I have to come to the conclusion that this statement just a rallying cry. Woo the uninformed that Intel will get Apple back, and try and rally the informed using this crazy claim as a North Star: Intel will become so good in the future, Apple wished they could come crawling back, if not for their pride.

> Apple would be ceding control if they went back and they're not going to do that.

Case in point: 2x ProRes accelerators in the M1 Max.

These are critical to a significant percentage of Apple's core base and yet there is zero chance that we would see them in the Intel offerings.

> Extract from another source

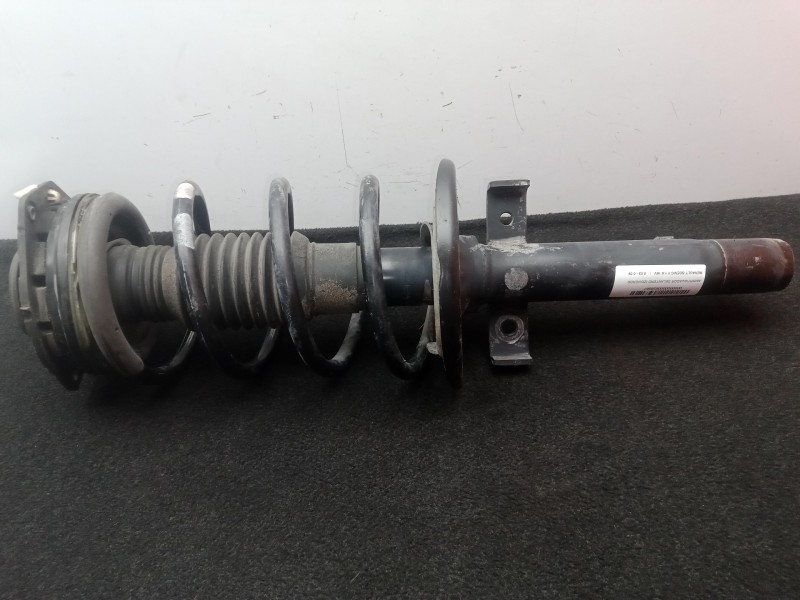 Recambio de amortiguador delantero izquierdo para renault scenic ii 1.6 16v referencia OEM IAM 8200851840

The Apple ship has sailed since Intel rejected supplying the iPhone chips

The only way they could maybe have a chance is for them to have something better than the equivalent M1 5 years from now.

It's not going to happen. Especially with x86

Two reasons I respectfully disagree with you, the first more compelling than the second:

First, Apple has a history of dipping its fingers into several cookie jars simultaneously. They source from different suppliers to introduce supply chain redundancy and establish pricing power. This way, they ensure that a transition from a main supplier company to its competitor is always viable, because they build relationships and allow the competitor to generate enough revenue to stay active in that particular product segment. So even if Apple wants to make its own chips, it has a reason to do so at least in part with Intel as the IDM 2.0 push towards foundry becomes a reality.

Second, there are still some significant drawbacks to Apple's new machines. I want more external monitors, for one.

This is neither here nor there, but personally I think Apple should have spent $500 billion on its own chip fabrication infrastructure rather than doing share buybacks over the past ten years.

> Second, there are still some significant drawbacks to Apple's new machines. I want more external monitors, for one.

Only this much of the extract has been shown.